[Spambayes] What is spam?

Neale Pickett neale@woozle.org
16 Sep 2002 14:44:26 -0700


My datasets aren't as pure as I thought :( While sorting through my FNs
and FPs, I've found some trends:

1.  When people forward spam to me, it gets tagged as spam.  I have a
    lot of forwarded spam in my inbox; I've asked people to send me
    stuff is the past so I can get a feel for what sort of spam is being
    sent to my users.  I use this feel to blacklist domains in the MAIL
    FROM: SMTP command.  It works pretty well when I stay on top of it.

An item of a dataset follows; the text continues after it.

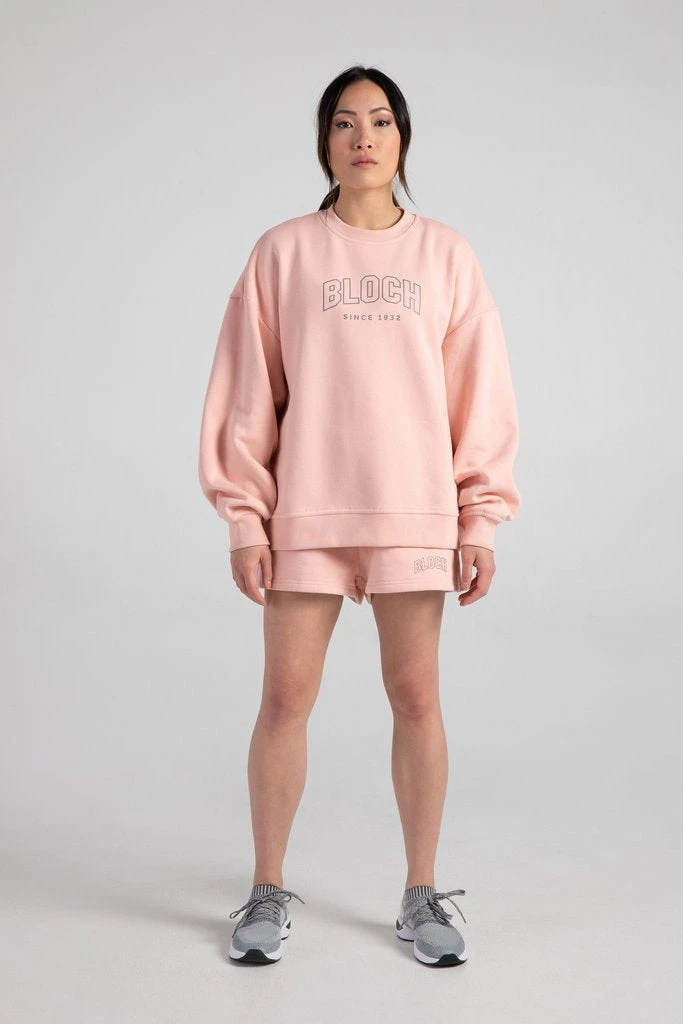 Bloch Off-Duty Terry Crew Pullover | Blush $79.95 Dance Active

2.  Non-spam I'd erroneously entered into my spam corpus gets most of
    the false negatives.  Neato!

3.  Stupid forwards (mostly urban legends, exultations to
    pray/boycott/vote a certain way, jokes, or inspirational stories)
    are not tagged as spam.  I get a lot of these too, from my
    grandmother and certain friends who seem to do nothing but relay
    chain letters.  But I don't get enough to train the filter against
    them, apparently.

With only one or two exceptions, that is the extent of my false
positives and false negatives.

I have to wonder, though, if the forwards (#3) are really false
negatives.  Should I have those in the ham folder, and be using another
method to weed out garbage of that type?  I'm not sure the current
classifier is up to sorting out urban legends :)

In any case, it's becoming clear to me that in the future when we're all
trying to help our grandmothers install spambayes, there will have to be
some way of reviewing FPs and FNs the way we're all doing it now.  In my
case at least, a lot of FPs and FNs aren't really F.